Membership requirements and fees vary from program to program, and some organizations are open to both students and professionals. These organizations can help students and professionals working in substance abuse counseling advance their careers, maintain their licenses, and stay current with the latest research.

  • American College Counseling Association ACCA is an organization made up of professionals in counseling, psychology, and social work. Members typically work in institutions of higher education. ACCA is open to both students and professionals.
  • American Counseling Association A nonprofit professional and educational organization dedicated to the counseling profession, ACA is the world's largest association exclusively representing counselors. ACA provides continuing education, conferences, and networking opportunities for members.
  • Association for Humanistic Counseling AHC is a division of ACA, providing membership for counseling professionals seeking to make a difference through empowerment and advocacy. AHC hosts an annual conference for its members.
  • National Employment Counseling Association NECA is another division of ACA. It strives to enhance long-term employability for counselors across the nation. NECA offers continuing education, professional development, employment counseling, and professional networking.
  • American Mental Health Counselors Association AMHCA provides advocacy and continuing education to mental health counselors across the country. This organization offers webinars, home studies, and an annual conference for members.

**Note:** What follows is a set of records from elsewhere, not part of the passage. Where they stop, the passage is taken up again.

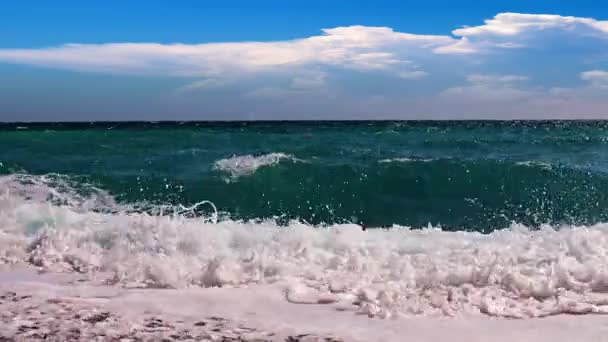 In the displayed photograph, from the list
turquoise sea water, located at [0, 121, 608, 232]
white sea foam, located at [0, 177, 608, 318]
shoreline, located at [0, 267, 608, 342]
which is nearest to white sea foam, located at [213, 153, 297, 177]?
turquoise sea water, located at [0, 121, 608, 232]

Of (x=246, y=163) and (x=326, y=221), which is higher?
(x=246, y=163)

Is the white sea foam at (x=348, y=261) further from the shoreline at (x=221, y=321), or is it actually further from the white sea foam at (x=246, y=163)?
the white sea foam at (x=246, y=163)

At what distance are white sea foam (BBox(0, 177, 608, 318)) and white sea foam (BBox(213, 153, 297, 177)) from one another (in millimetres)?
6767

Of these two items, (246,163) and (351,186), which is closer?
(351,186)

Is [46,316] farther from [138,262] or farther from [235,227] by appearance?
[235,227]

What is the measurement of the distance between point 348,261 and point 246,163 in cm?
941

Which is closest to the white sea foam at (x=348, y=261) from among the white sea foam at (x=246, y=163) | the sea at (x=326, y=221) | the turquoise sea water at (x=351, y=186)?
the sea at (x=326, y=221)

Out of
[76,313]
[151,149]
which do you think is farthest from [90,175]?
[76,313]

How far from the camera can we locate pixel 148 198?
1011cm

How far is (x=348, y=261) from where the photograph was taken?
4.45 meters

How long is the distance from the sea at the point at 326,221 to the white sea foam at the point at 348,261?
13mm

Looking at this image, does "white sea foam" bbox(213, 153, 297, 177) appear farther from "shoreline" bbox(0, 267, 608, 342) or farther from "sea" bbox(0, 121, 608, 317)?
"shoreline" bbox(0, 267, 608, 342)

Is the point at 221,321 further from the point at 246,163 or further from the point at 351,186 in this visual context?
the point at 246,163

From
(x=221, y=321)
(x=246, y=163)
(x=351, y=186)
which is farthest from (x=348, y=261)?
(x=246, y=163) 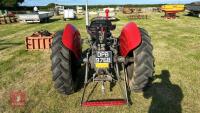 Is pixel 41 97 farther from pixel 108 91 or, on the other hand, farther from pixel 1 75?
pixel 1 75

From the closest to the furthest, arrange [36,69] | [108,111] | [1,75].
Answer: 1. [108,111]
2. [1,75]
3. [36,69]

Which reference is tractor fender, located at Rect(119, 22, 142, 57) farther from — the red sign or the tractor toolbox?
the tractor toolbox

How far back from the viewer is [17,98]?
6449 mm

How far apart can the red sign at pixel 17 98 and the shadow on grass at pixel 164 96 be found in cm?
302

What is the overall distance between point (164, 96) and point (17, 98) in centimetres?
371

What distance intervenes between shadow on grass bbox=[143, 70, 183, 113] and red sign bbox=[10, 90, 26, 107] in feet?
9.90

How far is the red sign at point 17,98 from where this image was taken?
6.04 metres

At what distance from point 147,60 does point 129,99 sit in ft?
3.47

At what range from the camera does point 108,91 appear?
261 inches

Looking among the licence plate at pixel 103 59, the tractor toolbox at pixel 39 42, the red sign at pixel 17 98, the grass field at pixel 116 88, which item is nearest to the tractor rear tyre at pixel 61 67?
the grass field at pixel 116 88

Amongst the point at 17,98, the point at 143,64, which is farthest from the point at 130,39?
the point at 17,98

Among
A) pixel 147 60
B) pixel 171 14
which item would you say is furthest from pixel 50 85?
pixel 171 14

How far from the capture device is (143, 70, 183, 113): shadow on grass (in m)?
5.65

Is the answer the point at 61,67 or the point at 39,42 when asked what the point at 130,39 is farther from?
the point at 39,42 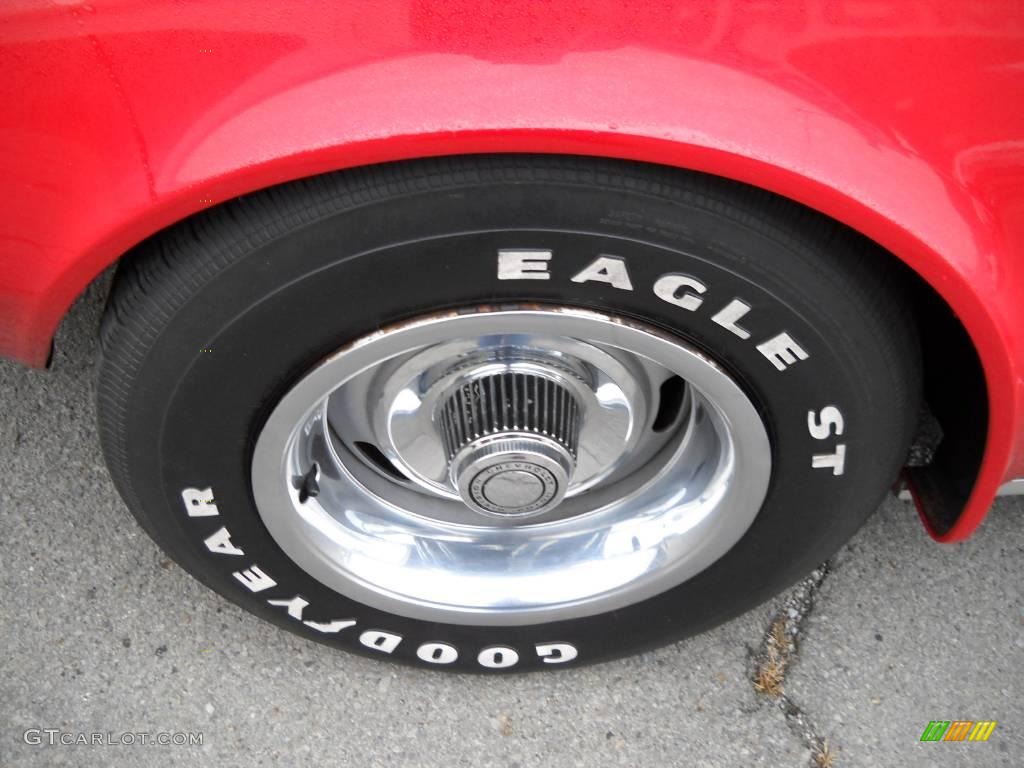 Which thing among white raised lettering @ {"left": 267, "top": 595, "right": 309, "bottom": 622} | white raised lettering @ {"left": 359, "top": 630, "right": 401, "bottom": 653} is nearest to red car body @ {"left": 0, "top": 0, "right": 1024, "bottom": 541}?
white raised lettering @ {"left": 267, "top": 595, "right": 309, "bottom": 622}

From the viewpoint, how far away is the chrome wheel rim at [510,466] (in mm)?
1255

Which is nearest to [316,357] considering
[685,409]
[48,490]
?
[685,409]

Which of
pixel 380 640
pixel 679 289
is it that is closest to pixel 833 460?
pixel 679 289

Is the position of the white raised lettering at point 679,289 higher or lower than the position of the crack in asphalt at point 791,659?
higher

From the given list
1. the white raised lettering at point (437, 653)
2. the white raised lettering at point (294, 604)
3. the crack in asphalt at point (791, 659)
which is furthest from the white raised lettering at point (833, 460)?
the white raised lettering at point (294, 604)

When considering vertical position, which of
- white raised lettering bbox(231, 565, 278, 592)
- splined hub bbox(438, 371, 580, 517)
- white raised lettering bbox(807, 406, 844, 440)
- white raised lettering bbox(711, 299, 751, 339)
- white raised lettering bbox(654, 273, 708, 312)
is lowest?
white raised lettering bbox(231, 565, 278, 592)

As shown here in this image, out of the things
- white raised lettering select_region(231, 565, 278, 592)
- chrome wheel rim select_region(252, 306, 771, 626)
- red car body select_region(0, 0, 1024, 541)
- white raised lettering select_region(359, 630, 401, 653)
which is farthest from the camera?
white raised lettering select_region(359, 630, 401, 653)

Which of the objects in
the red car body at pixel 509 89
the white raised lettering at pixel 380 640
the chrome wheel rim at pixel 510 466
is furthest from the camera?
the white raised lettering at pixel 380 640

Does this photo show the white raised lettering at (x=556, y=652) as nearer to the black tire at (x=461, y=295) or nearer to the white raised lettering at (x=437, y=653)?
the white raised lettering at (x=437, y=653)

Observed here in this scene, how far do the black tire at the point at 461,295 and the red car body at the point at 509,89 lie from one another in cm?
6

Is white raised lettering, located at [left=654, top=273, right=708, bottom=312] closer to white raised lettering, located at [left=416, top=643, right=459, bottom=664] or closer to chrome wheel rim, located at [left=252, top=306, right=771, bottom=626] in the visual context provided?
chrome wheel rim, located at [left=252, top=306, right=771, bottom=626]

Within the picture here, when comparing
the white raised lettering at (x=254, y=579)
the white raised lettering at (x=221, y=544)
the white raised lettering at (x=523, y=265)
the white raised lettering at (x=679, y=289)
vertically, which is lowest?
the white raised lettering at (x=254, y=579)

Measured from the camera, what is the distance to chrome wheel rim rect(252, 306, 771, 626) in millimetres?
1255

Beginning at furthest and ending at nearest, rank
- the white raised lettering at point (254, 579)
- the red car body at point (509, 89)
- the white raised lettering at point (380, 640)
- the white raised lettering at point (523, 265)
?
the white raised lettering at point (380, 640)
the white raised lettering at point (254, 579)
the white raised lettering at point (523, 265)
the red car body at point (509, 89) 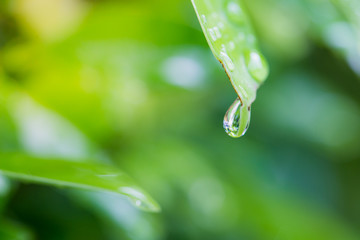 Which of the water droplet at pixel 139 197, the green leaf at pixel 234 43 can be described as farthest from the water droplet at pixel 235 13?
the water droplet at pixel 139 197

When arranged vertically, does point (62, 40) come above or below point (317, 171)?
below

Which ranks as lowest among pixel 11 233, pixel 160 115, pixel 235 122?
pixel 11 233

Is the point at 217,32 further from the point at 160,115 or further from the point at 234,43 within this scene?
the point at 160,115

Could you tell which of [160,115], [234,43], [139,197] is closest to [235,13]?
[234,43]

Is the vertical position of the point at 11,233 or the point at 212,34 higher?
the point at 212,34

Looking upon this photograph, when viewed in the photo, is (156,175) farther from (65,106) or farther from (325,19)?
(325,19)

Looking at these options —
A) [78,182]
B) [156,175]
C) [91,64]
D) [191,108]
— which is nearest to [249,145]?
[191,108] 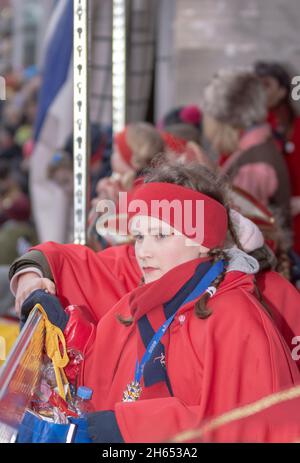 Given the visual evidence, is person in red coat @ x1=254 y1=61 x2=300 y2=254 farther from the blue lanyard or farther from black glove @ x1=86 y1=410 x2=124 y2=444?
black glove @ x1=86 y1=410 x2=124 y2=444

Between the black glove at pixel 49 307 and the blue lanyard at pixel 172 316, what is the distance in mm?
297

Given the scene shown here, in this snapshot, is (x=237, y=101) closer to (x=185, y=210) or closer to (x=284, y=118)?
(x=284, y=118)

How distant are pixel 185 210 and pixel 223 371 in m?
0.57

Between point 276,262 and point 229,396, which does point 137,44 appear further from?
point 229,396

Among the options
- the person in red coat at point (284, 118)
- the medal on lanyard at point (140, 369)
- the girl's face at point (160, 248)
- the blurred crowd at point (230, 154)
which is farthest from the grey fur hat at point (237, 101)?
the medal on lanyard at point (140, 369)

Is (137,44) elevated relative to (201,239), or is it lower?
elevated

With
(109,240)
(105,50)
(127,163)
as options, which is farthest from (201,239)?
(105,50)

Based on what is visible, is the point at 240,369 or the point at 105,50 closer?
the point at 240,369

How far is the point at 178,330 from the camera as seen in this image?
2668mm

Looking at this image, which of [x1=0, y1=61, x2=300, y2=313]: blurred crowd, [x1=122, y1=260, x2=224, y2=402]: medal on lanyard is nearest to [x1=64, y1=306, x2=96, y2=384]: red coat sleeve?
[x1=122, y1=260, x2=224, y2=402]: medal on lanyard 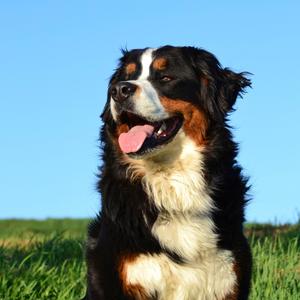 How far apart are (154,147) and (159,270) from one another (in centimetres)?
82

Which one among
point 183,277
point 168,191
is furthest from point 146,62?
point 183,277

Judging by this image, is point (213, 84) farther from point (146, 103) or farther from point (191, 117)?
point (146, 103)

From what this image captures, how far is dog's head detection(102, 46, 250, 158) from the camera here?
17.1 feet

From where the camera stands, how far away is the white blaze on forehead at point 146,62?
543 centimetres

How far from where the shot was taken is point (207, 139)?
5.39 metres

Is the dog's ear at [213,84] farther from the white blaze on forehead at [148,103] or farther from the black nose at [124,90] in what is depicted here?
the black nose at [124,90]

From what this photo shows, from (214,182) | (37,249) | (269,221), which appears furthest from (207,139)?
(269,221)

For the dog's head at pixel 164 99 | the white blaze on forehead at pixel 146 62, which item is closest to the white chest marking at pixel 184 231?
the dog's head at pixel 164 99

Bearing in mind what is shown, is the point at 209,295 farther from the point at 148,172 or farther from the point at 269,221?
the point at 269,221

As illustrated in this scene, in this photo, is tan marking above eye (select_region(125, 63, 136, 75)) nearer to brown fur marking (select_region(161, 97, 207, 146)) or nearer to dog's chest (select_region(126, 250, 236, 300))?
brown fur marking (select_region(161, 97, 207, 146))

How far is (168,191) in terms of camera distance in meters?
5.38

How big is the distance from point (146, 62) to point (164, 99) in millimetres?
353

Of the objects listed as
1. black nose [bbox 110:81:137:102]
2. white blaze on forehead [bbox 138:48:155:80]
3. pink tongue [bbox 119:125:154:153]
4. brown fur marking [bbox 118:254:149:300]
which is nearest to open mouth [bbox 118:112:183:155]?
pink tongue [bbox 119:125:154:153]

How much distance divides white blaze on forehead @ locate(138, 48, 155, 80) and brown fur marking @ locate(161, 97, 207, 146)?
0.26 meters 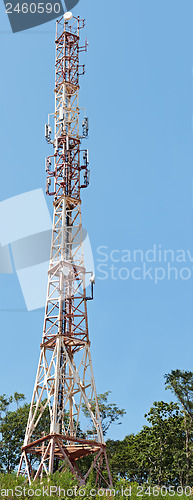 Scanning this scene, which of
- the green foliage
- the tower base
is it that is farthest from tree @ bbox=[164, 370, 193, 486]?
the tower base

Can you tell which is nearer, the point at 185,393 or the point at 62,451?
the point at 62,451

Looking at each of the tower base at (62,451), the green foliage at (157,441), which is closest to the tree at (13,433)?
the green foliage at (157,441)

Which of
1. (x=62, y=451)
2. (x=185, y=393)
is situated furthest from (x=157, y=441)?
(x=62, y=451)

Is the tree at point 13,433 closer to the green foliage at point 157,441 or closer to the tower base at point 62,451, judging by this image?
the green foliage at point 157,441

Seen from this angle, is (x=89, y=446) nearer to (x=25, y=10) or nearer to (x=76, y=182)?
(x=76, y=182)

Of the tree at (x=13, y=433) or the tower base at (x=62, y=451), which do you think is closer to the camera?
the tower base at (x=62, y=451)

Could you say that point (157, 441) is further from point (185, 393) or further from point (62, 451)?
point (62, 451)

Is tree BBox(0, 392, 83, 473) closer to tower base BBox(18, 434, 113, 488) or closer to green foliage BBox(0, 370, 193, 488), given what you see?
green foliage BBox(0, 370, 193, 488)

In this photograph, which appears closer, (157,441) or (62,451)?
(62,451)

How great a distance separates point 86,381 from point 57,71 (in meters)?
14.7

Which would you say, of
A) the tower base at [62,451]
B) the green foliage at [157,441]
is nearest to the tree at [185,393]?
the green foliage at [157,441]

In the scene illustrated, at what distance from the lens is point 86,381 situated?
22.4 m

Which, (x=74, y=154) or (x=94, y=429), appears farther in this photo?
(x=74, y=154)

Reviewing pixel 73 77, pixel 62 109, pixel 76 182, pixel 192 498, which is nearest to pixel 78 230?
pixel 76 182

  • American Society of Addiction Medicine ASAM provides advocacy and continuing education for professionals in addiction medicine. The organization offers live and online courses, a certification hub, and other resources for members.
  • Connecticut Association for Addiction Professionals CAAP is a nonprofit organization providing advocacy and education for professionals in substance abuse and addiction counseling. CAAP offers courses in accordance with CCB standards and is a chapter of the National Association of Alcohol and Drug Abuse Counsellors.
  • Connecticut Certification Board An independent, nongovernmental organization that offers certification for addiction counselors, clinical supervisors, and prevention professionals, CCB offers specialist certification for substance abuse counselors and facilitates peer networking.
  • Connecticut Counseling Association CCA supports and advocates for counselors by promoting professional identity, providing opportunities for development and networking, and offering resources for professionals. CCA hosts an annual conference for counseling professionals.
  • Connecticut Mental Health Counselors Association CMHCA is a division of the CCA for counselors who provide mental health treatment to clients in clinics, hospitals, and private practices. Professionals and students can join this organization.